Issues of corruption, self-serving politics, widening income gap, police violence, education and health, are all commonly invoked, and rightly so, in large demonstrations that often turn violent. However, the Military’s public image remain unscathed, and, worse, the fallacy of its alleged benign role as neutral normalizer of society struggles, which is not even constitutionally correct, is often invoked as a solution to end the ‘anarchy.’
Thus a whole generation may have not been taught what really
happened in the early 1960s, when the country’s cultural awakening and quick urbanization were being espoused by a drive to become politically relevant to the world (yes, that old dream was already being dreamed).
Many in reality may have been told, otherwise, that fears of a communist threat, expressed by a middle class then frightened by street clamors for agrarian reforms and a more socialistic approach to political change, were more than they really were, mostly manipulation by rightwing forces.
Such segments, unhappy with Goulart’s populism, were supported by the U.S., now it’s been openly acknowledged, but not because Americans were afraid that such reforms would lead to a civil war, as militaries were preaching at the time, or that Brazilians would suffer with them.
The coup, most historians agree, marked Brazil’s insertion into the Cold War, furiously waged at the time for control and dominance of the world south of the equator.
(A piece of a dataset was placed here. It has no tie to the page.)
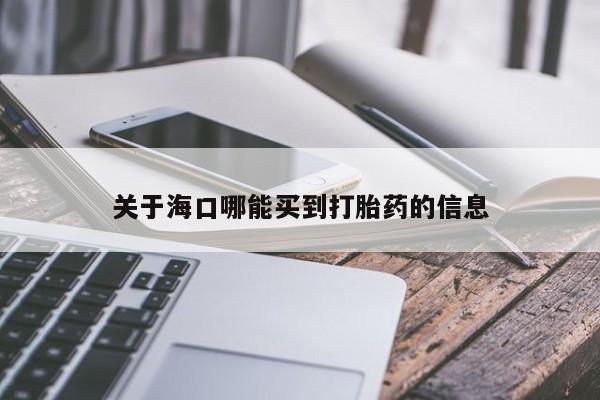 米非米索联系微信关于海口哪能买到打胎药的信息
Brazil was a mere pawn, albeit a large one, in a risky geopolitics game that lasted almost as long as its own dictatorship.
To be sure, U.S. support was not nearly as strong as what would destabilize Chile’s also democratically elected President Salvador Allende only nine years later. But recently unearthed documents attest to the important role U.S. Ambassador Lincoln Gordon, for instance, played in the coup.
Still, responsibility in great part for the horrors that took place in the dungeons and ‘houses of death, kept by the militaries during their rule, where an estimated 200-plus Brazilians were tortured to death, has to revert back to the Brazilian society that enabled and supported the comfy delusion of being ruled by an uniformed elite that would make all decisions on their name but that remained absolutely unaccountable to any crime.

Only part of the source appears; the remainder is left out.